The impact of this paper of Kirigaya et al27 is that it has shown that arterial stiffness, determined using CAVI, was an independent long-term predictor of MACE in patients with ACS, and that CAVI can improve the risk stratification based on GRS. Blood pressure is important for prognosis prediction, and it is thought that baPWV, which contains a marked blood pressure factor, has higher prognostic prediction ability, but in reality, it is not significant in baPWV, and CAVI is significant. This result has doubtlessly great significance in the future research on arterial stiffness.
Limitations and Perspective
Both in CAVI and CAVI0, peripheral vessels are included in the measurements. When the subjects have peripheral arterial diseases such as atherosclerosis obliterans, the measurements will be unreliable. Also, it has been claimed that evaluating a longer arterial length should add important additional information to the measurements, but it could be interpreted also as confounding factors.28 These are the limitations in the measurements of both CAVI and CAVI0.
However, in this association, it was reported that the response of arteries to the vasodilating agents such as nitroglycerin is different between central and peripheral,29 suggesting that the meaning and role of arterial stiffness differ depending on the segments. As a perspective, more useful information would be obtained in the future if blood pressure-independent arterial stiffness for both central and peripheral segments could be measured separately and more easily.
The conceptual meaning of CAVI is reconfirmed and verified to be as follows: Arterial stiffness is represented by the bulk modulus of the blood vessel, which is approximately proportional to blood pressure P. When it is divided by P, a proportionality constant is obtained, representing arterial stiffness independent of blood pressure.

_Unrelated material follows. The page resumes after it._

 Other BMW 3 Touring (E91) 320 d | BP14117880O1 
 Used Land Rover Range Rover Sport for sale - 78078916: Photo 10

CAVI and CAVI0 are compared with recent findings, and the claim that CAVI0 is less blood pressure dependent than CAVI has been shown to be suspicious, although the proposition of CAVI0 has contributed to deeper discussions on the blood pressure independency of CAVI. As a summary, common and different points between CAVI and CAVI0 are shown in Table 1.
Table 1 Common and Different Points Between CAVI and CAVI0
We conclude that CAVI0 is questionable because of the mismatching in the formula and CAVI is a reliable and sensitive index of blood pressure-independent arterial stiffness, in both organic and functional components.
Koji Takahashi, Tomoyuki Yamamoto, Shinichi Tsuda and Mitsuya Maruyama are employees of Fukuda Denshi Co., Ltd., and involved in the development of CAVI. Kohji Shirai has no conflicts of interest in this work.